The main software requirements are Python 3.7 with TensorFlow r1.15, PyTorch 1.9, and R 4.1. The complete list of required packages and library are listed in the two conda environment YAML files (env_create.yml and env_bench.yml), which are meant to be used with conda (version 4.10). See here for instructions on installing conda via Miniconda. Once conda is installed, run one of the following commands to set up the desired conda environment:

conda env update -f env_create.yml --prune
conda env update -f env_bench.yml --prune

The conda environment files default to CPU-only packages. If you have a GPU, please comment/uncomment the appropriate lines in the environment files; you may need to also install CUDA 10 or 11 and cuDNN 7.
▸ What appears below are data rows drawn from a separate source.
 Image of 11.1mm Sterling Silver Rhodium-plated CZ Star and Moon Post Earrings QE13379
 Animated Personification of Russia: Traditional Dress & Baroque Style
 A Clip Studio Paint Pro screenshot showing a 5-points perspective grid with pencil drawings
Code Formatting and Type Checking

This repo uses flake8 for Python linting and mypy for type-checking. Configuration files for each are included in this repo: .flake8 and mypy.ini.
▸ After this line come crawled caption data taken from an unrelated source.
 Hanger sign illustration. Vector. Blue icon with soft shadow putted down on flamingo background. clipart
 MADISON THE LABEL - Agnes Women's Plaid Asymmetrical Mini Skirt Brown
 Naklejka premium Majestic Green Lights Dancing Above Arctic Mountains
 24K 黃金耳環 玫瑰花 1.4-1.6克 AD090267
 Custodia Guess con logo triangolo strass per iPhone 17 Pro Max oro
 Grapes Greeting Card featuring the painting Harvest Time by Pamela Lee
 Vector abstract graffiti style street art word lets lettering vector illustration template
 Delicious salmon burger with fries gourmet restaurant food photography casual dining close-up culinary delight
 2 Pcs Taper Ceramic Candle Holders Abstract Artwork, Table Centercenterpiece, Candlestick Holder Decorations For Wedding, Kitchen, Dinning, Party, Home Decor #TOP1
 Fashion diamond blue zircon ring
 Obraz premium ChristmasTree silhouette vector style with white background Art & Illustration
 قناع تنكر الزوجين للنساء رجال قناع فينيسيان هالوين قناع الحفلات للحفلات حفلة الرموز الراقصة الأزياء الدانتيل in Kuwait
To run either code linting or type checking, set the current directory to the repo root directory. Then run any of the following commands:

# LINTING
# =======

# entire repo
flake8

# all modules within utils directory
flake8 utils

# a single module
flake8 path/to/module.py

# a jupyter notebook - ignore these error codes, in addition to the ignored codes in .flake8:
# - E305: expected 2 blank lines after class or function definition
# - E402: Module level import not at top of file
# - F404: from __future__ imports must occur at the beginning of the file
# - W391: Blank line at end of file
jupyter nbconvert path/to/notebook.ipynb --stdout --to script | flake8 - --extend-ignore=E305,E402,F404,W391


# TYPE CHECKING
# =============

# entire repo
mypy .

# all modules within utils directory
mypy -p utils

# a single module
mypy path/to/module.py

# a jupyter notebook
mypy -c "$(jupyter nbconvert path/to/notebook.ipynb --stdout --to script)"

Citation

Please cite this article as follows, or use the BibTeX entry below.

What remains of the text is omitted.